You can make your kitchen a cleaner, safer place nd fight bacteria, without exposing yourself and your family to toxic chemicals that also damage the environment. You can use a simple safe disinfecting spray that is more effective than any of the commercial cleaners in killing bacteria. As a bonus, it is inexpensive!

Susan Sumner, a food scientist at Virginia Polytechnic Institute and State University, worked out the recipe for just such a sanitizing combo. All you need is three percent hydrogen peroxide, the same strength available at the drug store for gargling or disinfecting wounds, and plain white or apple cidar vinegar, and a pair of brand new clean sprayers, like the kind you use to dampen laundry before ironing. If you're cleaning vegetables or fruit, just spritz them well first with both the vinegar and the hydrogen peroxide, and then rinse them off under running water.

It doesn't matter which you use first - you can spray with the vinegar then the hydrogen peroxide, or with the hydrogen peroxide followed by the vinegar. You won't get any lingering taste of vinegar or hydrogen peroxide, and neither is toxic to you if a small amount remains on the produce. As a bonus: The paired sprays work exceptionally well in sanitizing counters and other food preparation surfaces -- including wood cutting boards. In tests run at Virginia Polytechnic Institute and State University, pairing the two mists killed virtually all Salmonella, Shigella, or E. coli bacteria on heavily contaminated food and surfaces when used in this fashion, making this spray combination more effective at killing these potentially lethal bacteria than chlorine bleach or any commercially available kitchen cleaner.


Bottle of Hydrogen Peroxide

The best results came from using one mist right after the other - it is 10 times more effective than using either spray by itself and more effective than mixing the vinegar and hydrogen peroxide in one sprayer.

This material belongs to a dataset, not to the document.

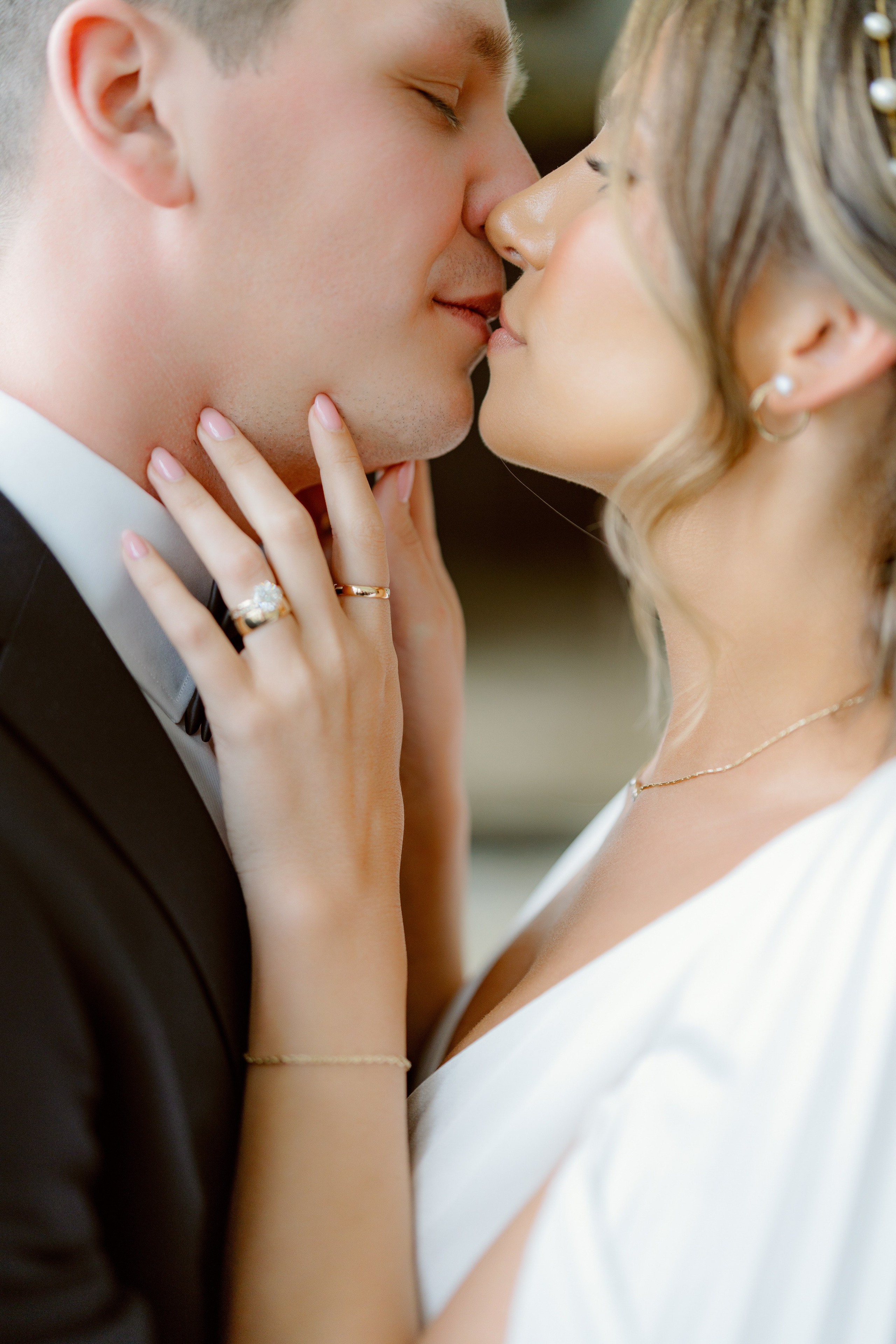 Amanda and Dan. Wedding photographer and videographer New York | New Jersey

Reference note: Articles on Dr. Sumner's original research work appeared in the scientific news journal, "Science News," in the issues that were published on August 29, 1996, and on August 8, 1998.

CAUTION:


"Can I mix the hydrogen peroxide and vinegar into one sprayer?" The short answer is: NO! The longer answer is: never mix hydrogen peroxide and vinegar together in one container. The resulting chemical, peracetic acid, can harm you when mixed together this way if you accidentally create a strong concentration in this fashion. Peracetic acid also has entirely different characteristics and properties than either hydrogen peroxide or vinegar. Additionally, we don't know if peracetic acid kills the same group of pathogenic food-borne bacteria when used this way as a spray - it very well may not.

1 comment:

Anonymous said...

Is there anyway you can send me a link or scan that research and send it to me? My daughtes school teacher uses those things to clean and the state is after her to use bleach, I could really use that study to back her up. I don't want my kid breathing bleach fumes!